**RECORDED INFORMATION**
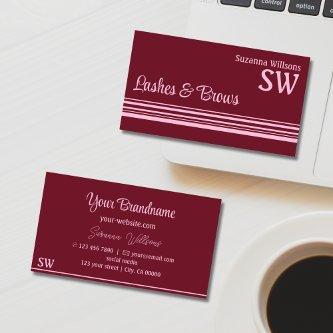 Modern Wine Red Pink Stripes with Monogram Stylish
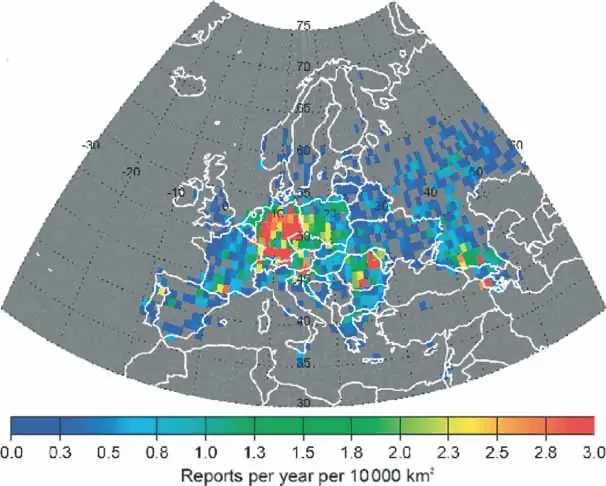 Hail Reports Per Year 1000km2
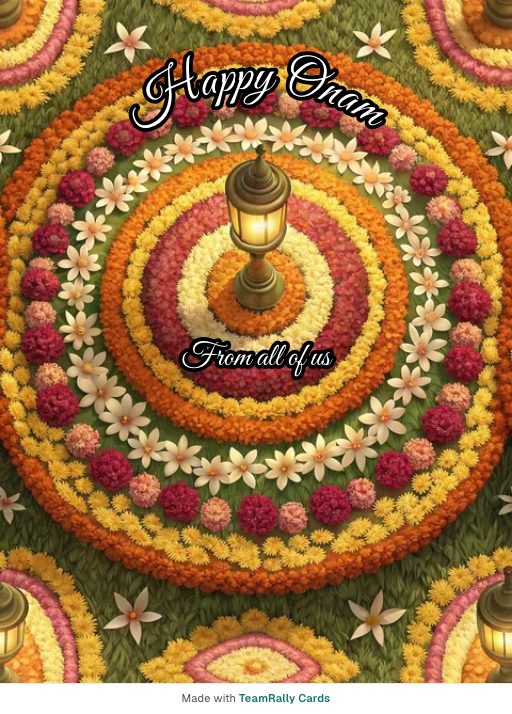 Onam card for coworkers, signed “from all of us”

**PROBLEM DESCRIPTION**
Every picture stays out; reproduce exactly the lines from the one with "Hail Reports Per Year 1000km2" through the last line of the data above.

**RESPONSE TO THE EXERCISE**
 Hail Reports Per Year 1000km2
 Onam card for coworkers, signed “from all of us”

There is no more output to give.